WHAT THE EXERCISE ASKS => For the data below, transcribe the part that opens with the line containing "Karl Lagerfeld Saffiano" and closes with the line containing "Durable 4 Wheel", exactly and with no pictures.

DATA UNDER STUDY =>
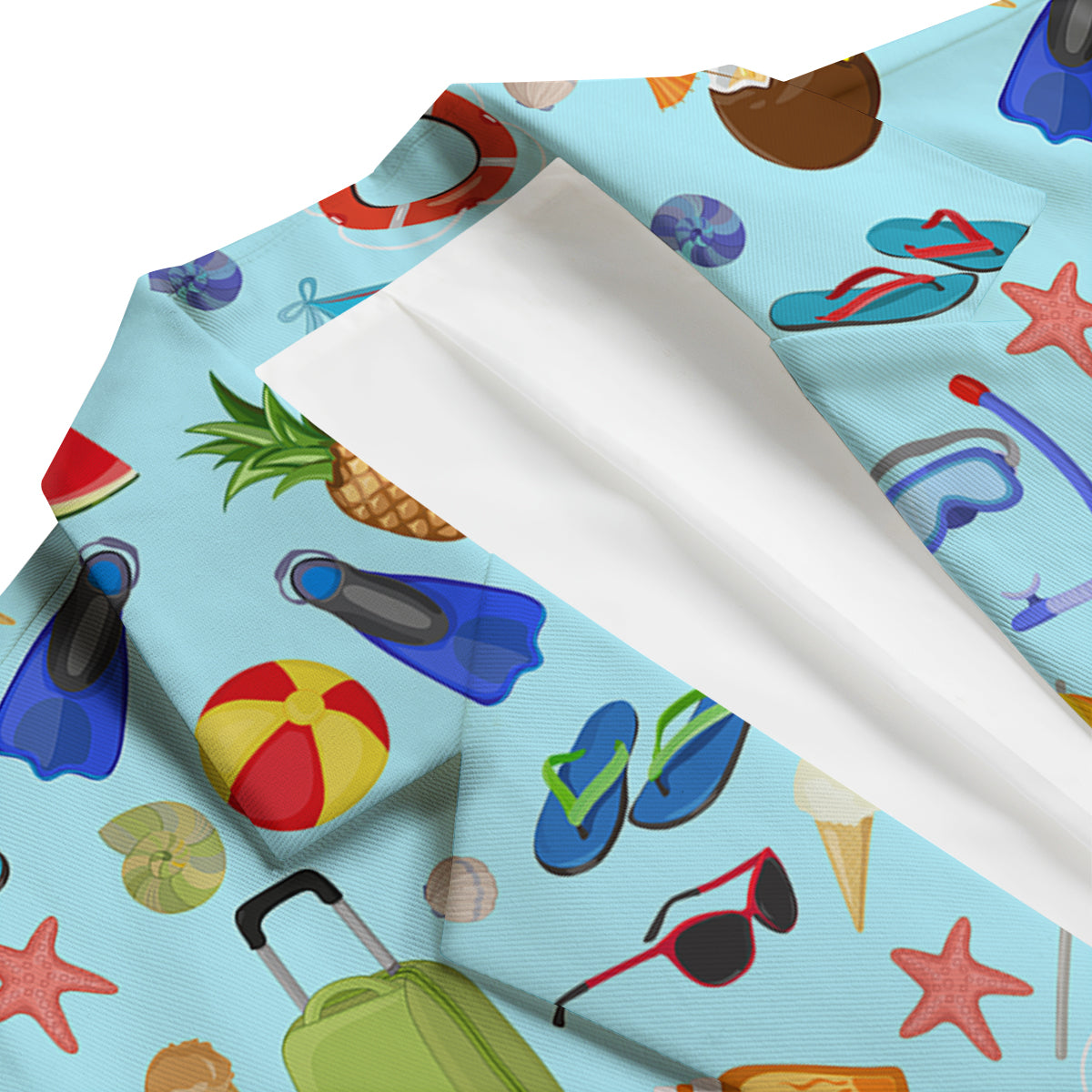 Summer Vacation Travel Print Pattern Men's Blazer-grizzshop
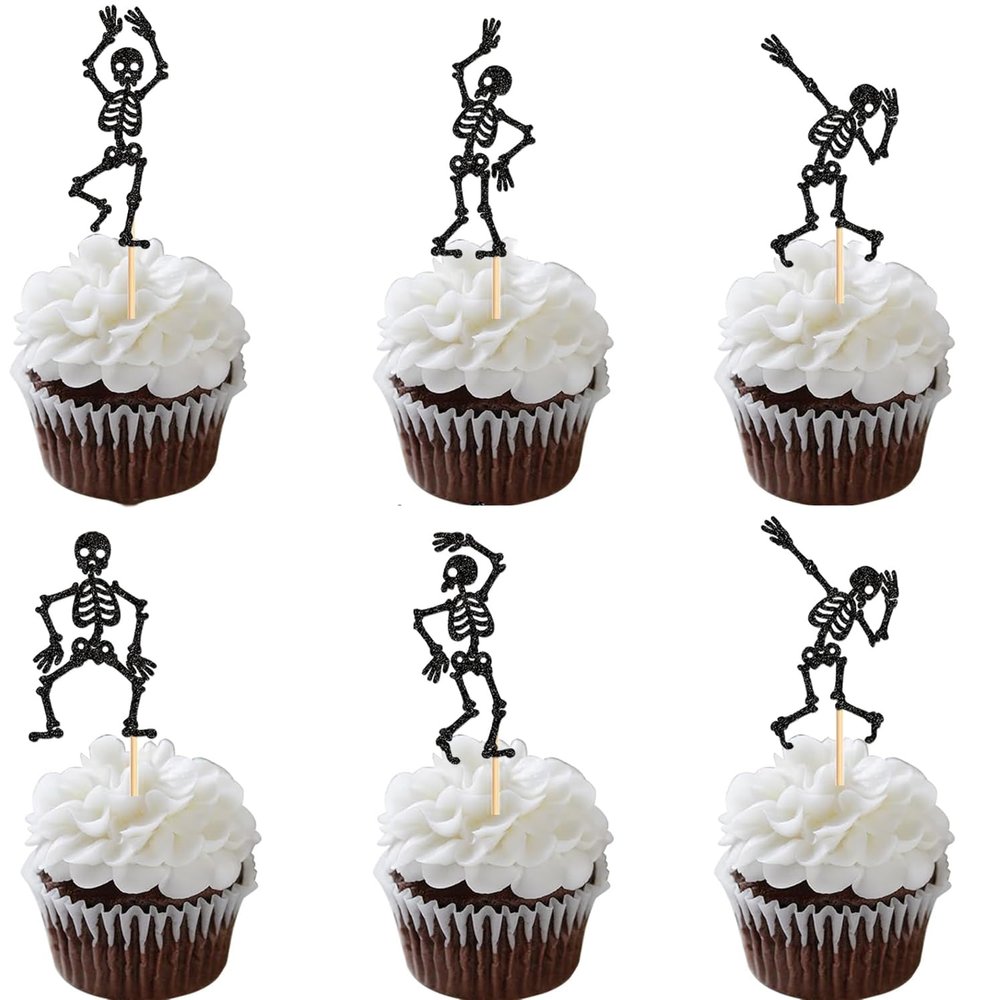 20 PCS Halloween Skull Cupcake Toppers - Happy Halloween Skull Dance Cupcake Decorations for Birthday Baby Shower Party Decorations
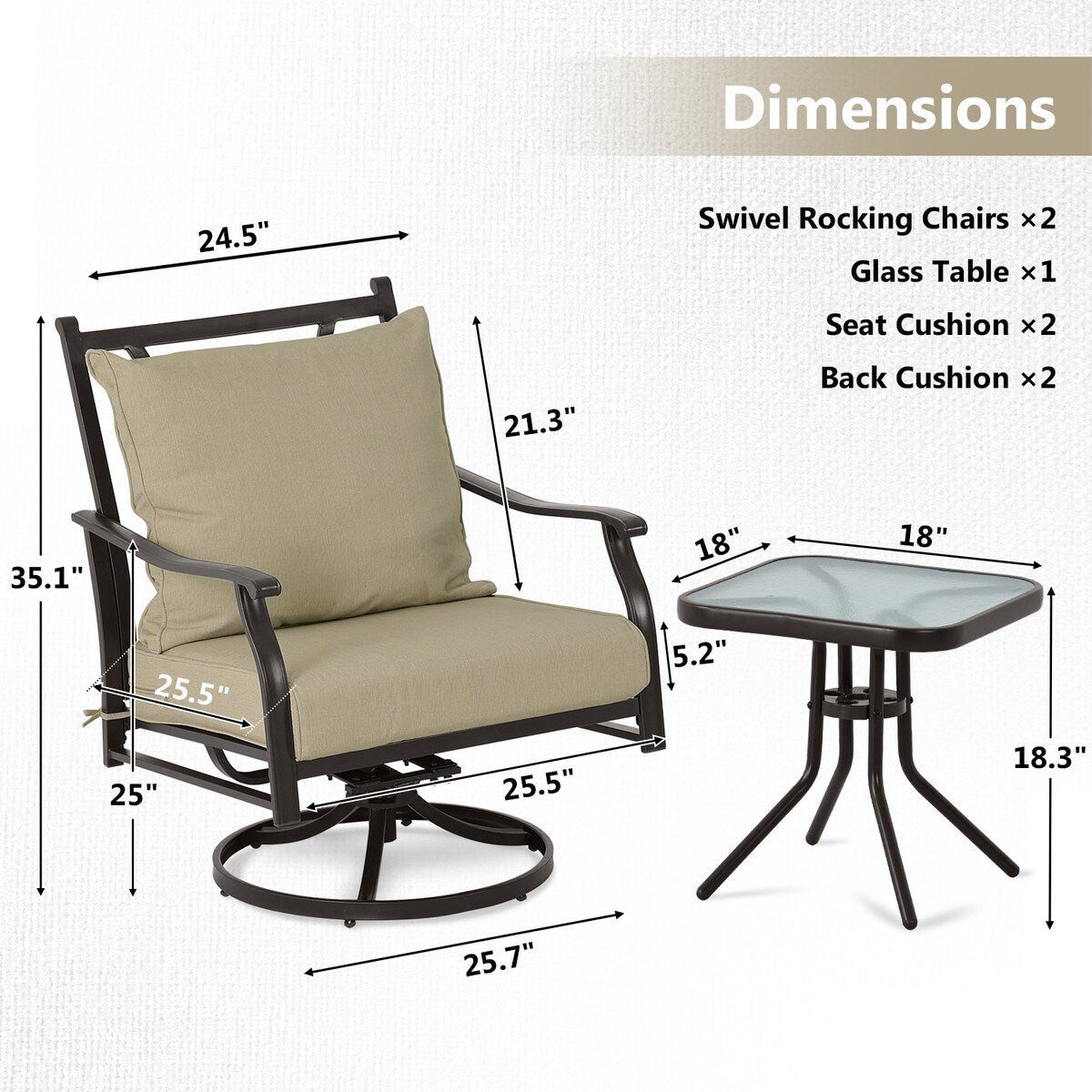 Aoodor Outdoor Swivel Chair Set - 3-Piece Patio Furniture Set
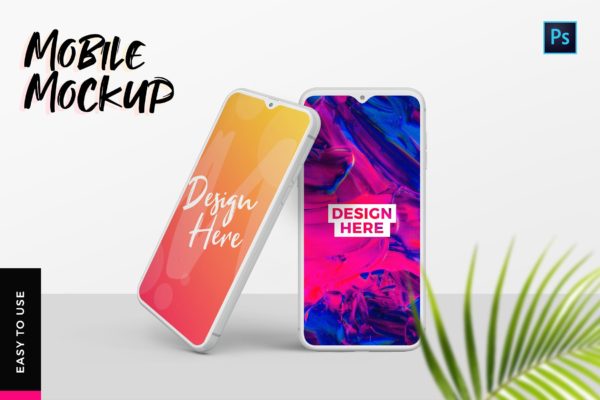 水滴屏手机UI设计展示效果图素材库精选样机 Mobile Mockup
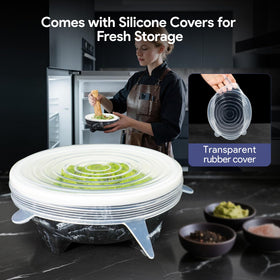 SYOKAMI No Rock Powder silicone caps on the rim enable air-tight fridge storage and preserved flavors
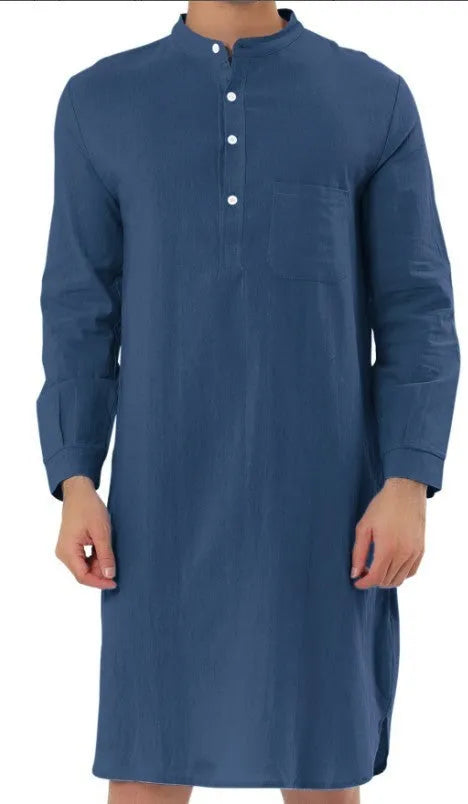 Men's simple cotton shirt robe with a front pocket, shown in a choice of colours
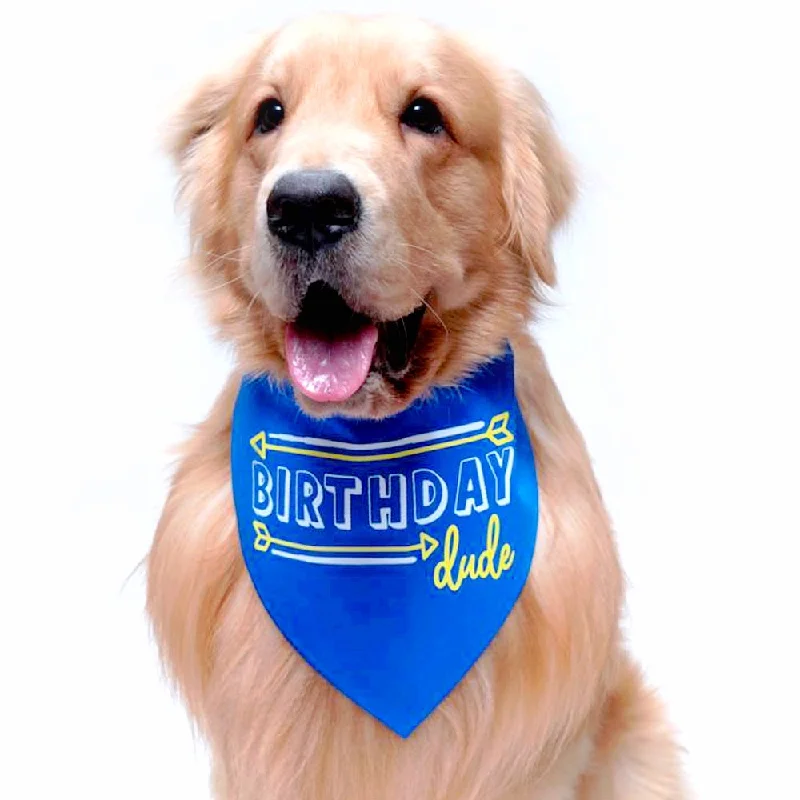 airline-approved soft pet carrier-Dogobow Birthday Dude Scarf for Dogs (Royal Blue) (Get a Bow Free)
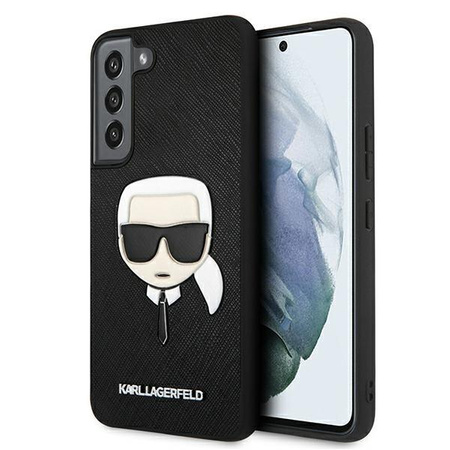 Karl Lagerfeld Saffiano Ikonik Karl`s Head - Samsung Galaxy S22+ Tasche (schwarz)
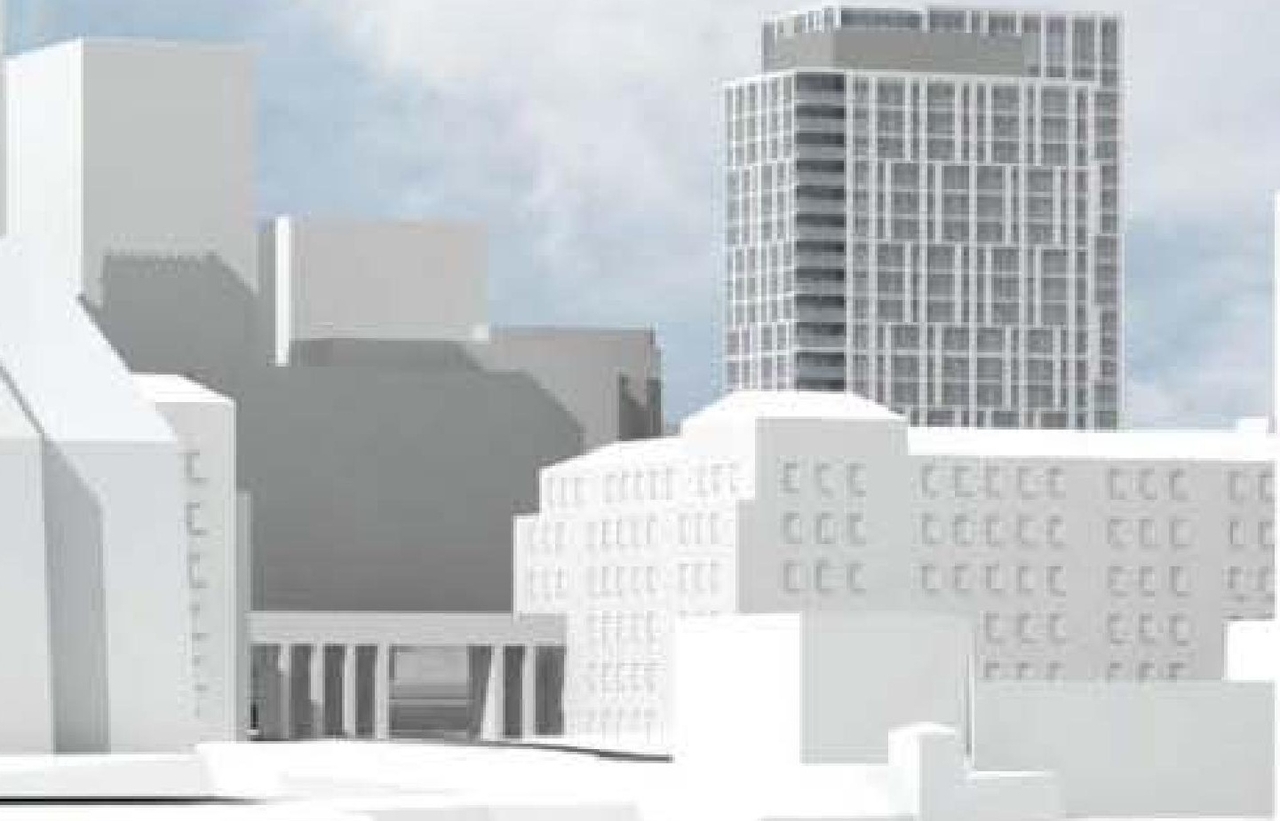 Rendering of building from page 23 of the file 'D07-12-15-0117 Design Brief REVISION 1'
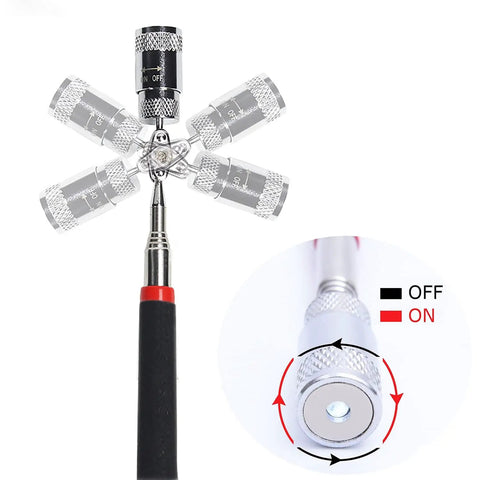 Telescoping Magnetic Pickup Tool With LED Light Flexible Retractable Shaft 7 To 30 Inches focus on rotating LED feature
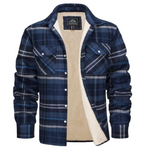 Men's Long Sleeve Plaid Button Front Sherpa-lined Flannel Shirt Jacket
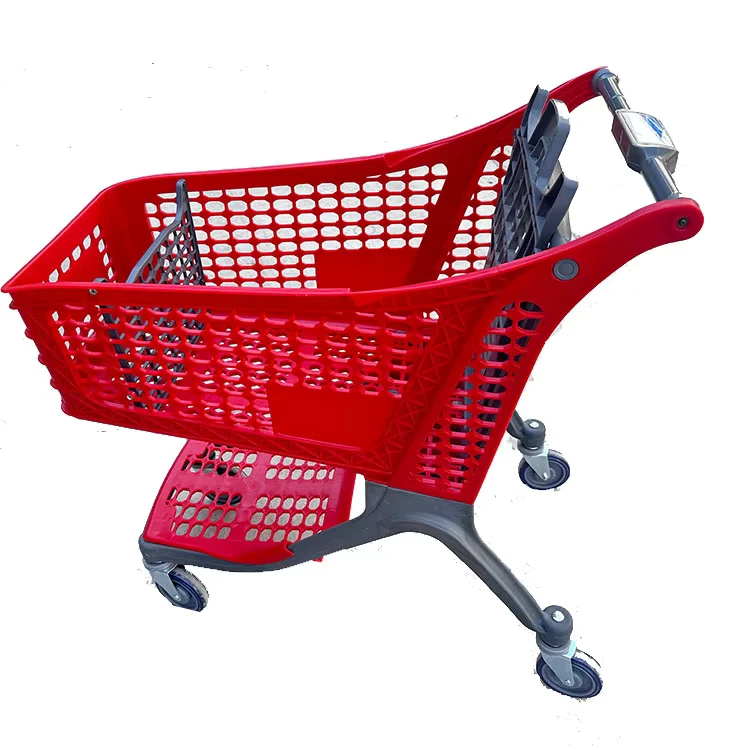 Durable 4 Wheel Folding Plastic Supermarket Cart Shopping Trolley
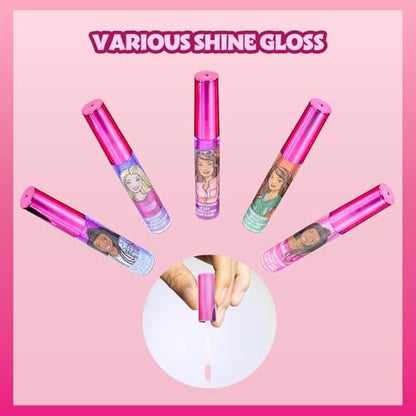 Barbie 12 Piece Plant Based Lip Gloss Set - Girls Party Favors, First Makeup for Kids Ages 3+, by Townley Girl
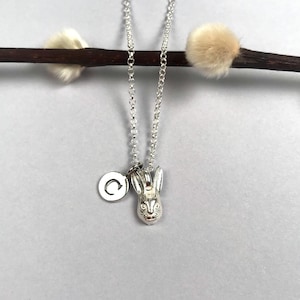 Solid Silver Hare Personalised Pendant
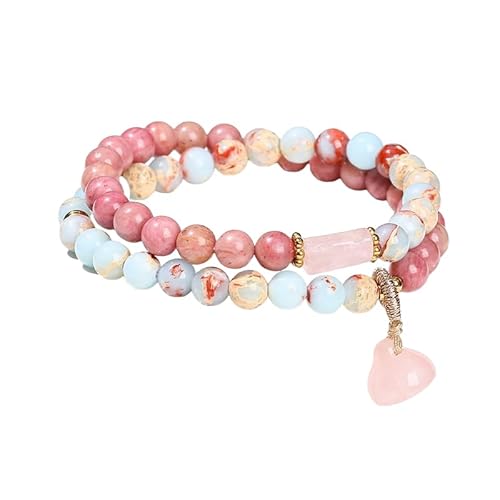 YONGHONGKEJI Naturstein Heilkristall Armbänder 6 Mm Reiki Edelstein Armreifen für 7 Chakra Schutz Natürlicher Rhodonit Shoushan Stein Rosenquarz Lotus Schote Doppelt Gewickelte Armbänder Schmuck von YONGHONGKEJI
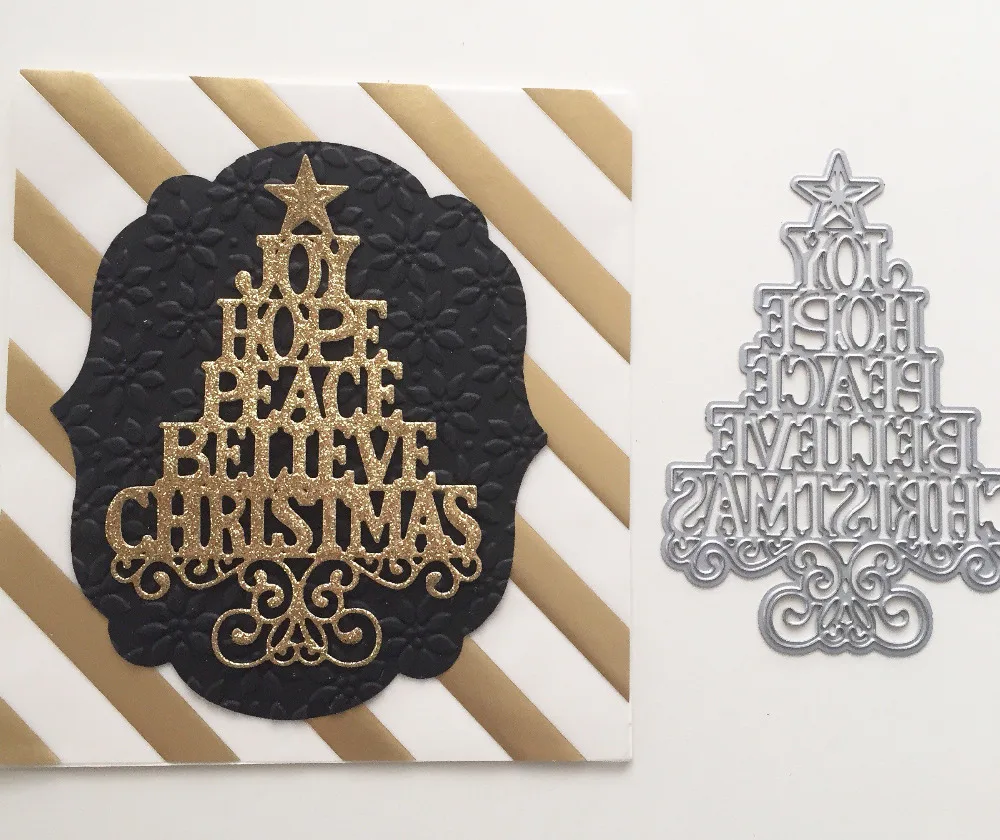 

"Joy Hope Peace Believe Christmas" Metal Cutting Dies Stencils for DIY Scrapbooking/photo Album Decorative Embossing Paper Cards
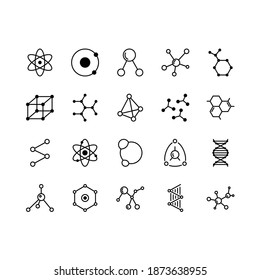 Molecule Icon set isolated on white background. The structure of the substance. Molecule of the formula.Editable stroke. - Shutterstock ID 1873638955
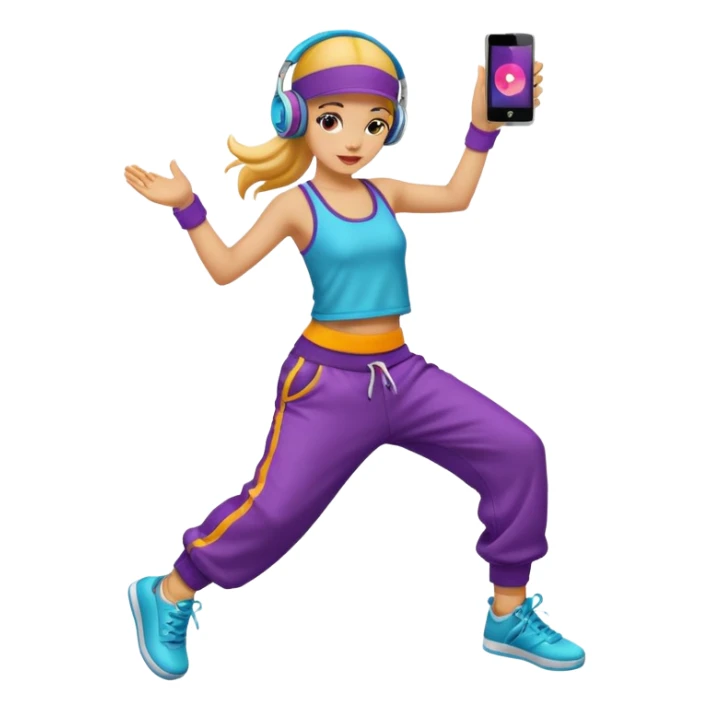 street dancer girl with music player sticker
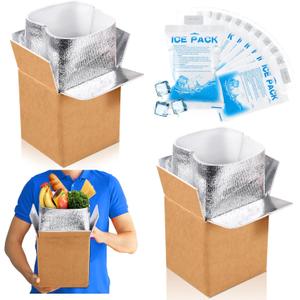 Honoson 2 Pcs Thermal Insulated Shipping Boxes for Frozen Food with Ice Pack and Aluminum Foil Liner for Shipping Big Cold Pack Cooler Mailing Boxes for Moving Hot Frozen Food (6'' X 5'' X 6.5'')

SOLUTION FOR THIS EXERCISE =>
 Karl Lagerfeld Saffiano Ikonik Karl`s Head - Samsung Galaxy S22+ Tasche (schwarz)
 Rendering of building from page 23 of the file 'D07-12-15-0117 Design Brief REVISION 1'
 Telescoping Magnetic Pickup Tool With LED Light Flexible Retractable Shaft 7 To 30 Inches focus on rotating LED feature
 Men's Long Sleeve Plaid Button Front Sherpa-lined Flannel Shirt Jacket
 Durable 4 Wheel Folding Plastic Supermarket Cart Shopping Trolley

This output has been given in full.